OMAHA - Time was running out and sweat was pouring off Les Sigman's burly 240-pound frame as he chased his opponent all over the mat in the national finals.

The Nebraska-Omaha junior led by 14 points, but in his mind that wasn't enough. It still was one point short of a technical fall.

Sigman captured his third NCAA Division II wrestling title at heavyweight last March with a 18-4 major decision over Chris Tuscherer of Minnesota State Moorhead.

"Les is a perfectionist," said UNO teammate Mitch Waite, a two-time All-American. "He's the only guy I've seen win by major decision in the national finals and not be satisfied. But that's what makes him so great."

Sigman will make a run at history this weekend when he tries to become just the fourth Division II wrestler to win four national titles.

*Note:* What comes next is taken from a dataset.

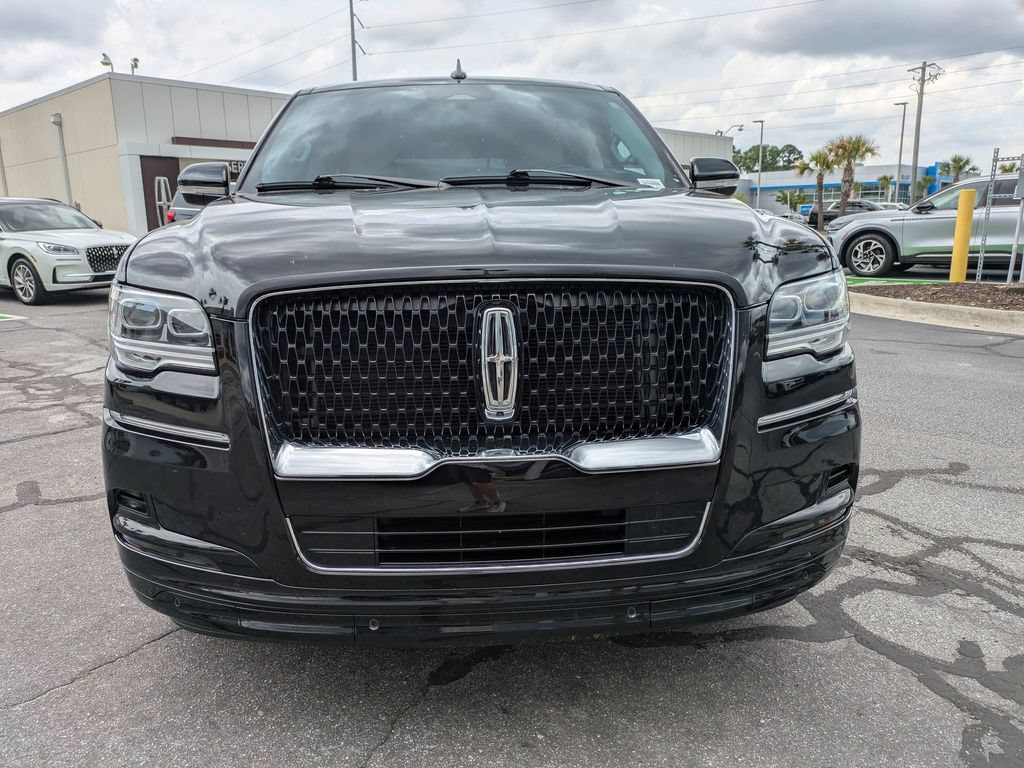 Used 2023 Lincoln Navigator L Reserve AWD/4WD image 9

He takes aim at title No. 4 Friday and Saturday at the DII Nationals at Findlay University in Findlay, Ohio.

The Sturgis, S.D., native has won 69 straight matches dating back to last season and is a remarkable 161-7 in his career. He is 39-0 this season and has not lost to a Division II foe since December 2002.

In three trips to nationals, Sigman has not allowed an offensive point in 12 matches.

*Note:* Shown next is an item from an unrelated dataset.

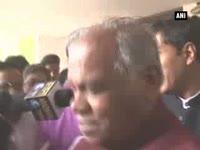 manjhi-takes-a-u-turn-on-his-chopping-doctors-hands-remarks-says-it-was-a-hindi-proverb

"That's unbelievable," said former Maverick national champ R.J. Nebe, whose career wins record was broken by Sigman this season. "Les is obsessive with wanting to improve. He's a tremendous competitor."

Sigman hopes to lead the top-ranked Mavericks to their third straight national team championship.

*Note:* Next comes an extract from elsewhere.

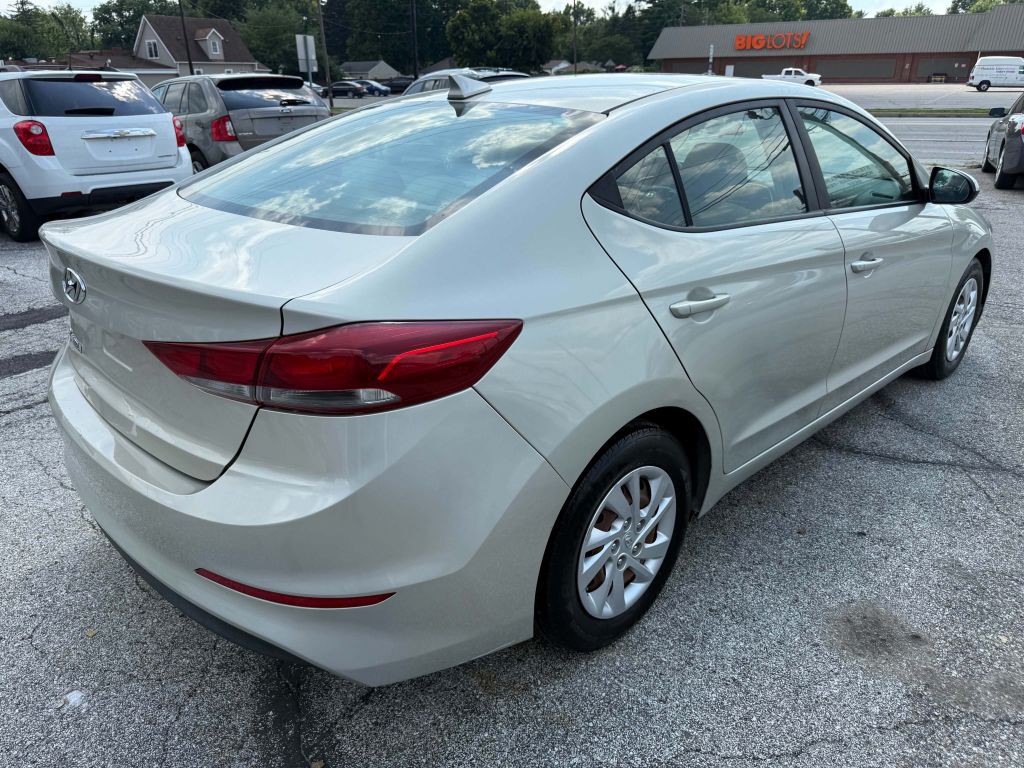 2017 Hyundai Elantra Image 4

"I've been there three times, so I really know what to expect," Sigman said. "I think the experience will be a big factor in helping me deal with the pressure. I'm feeling real confident and my conditioning feels great right now. I'm ready to go."

Sigman rolled to the title at the prestigious Midlands Championship this season, winning by major decision over No. 6 Matt Fields of Iowa in the finals. He owns a pair of wins in his career over Minnesota's Cole Konrad, an NCAA Division I runner-up who is ranked No. 1 this season.

The DII champ used to compete in the DI national meet, but that is no longer the case.

"Les could wrestle with any heavyweight in the country in any division," Minnesota State-Mankato coach Jim Makovsky said. "If he wrestled in the DI tournament he would place in the top three for sure and have a chance to maybe win it. He is so athletic and so tough on top. He's always in control and wrestles with great composure. He's amazing."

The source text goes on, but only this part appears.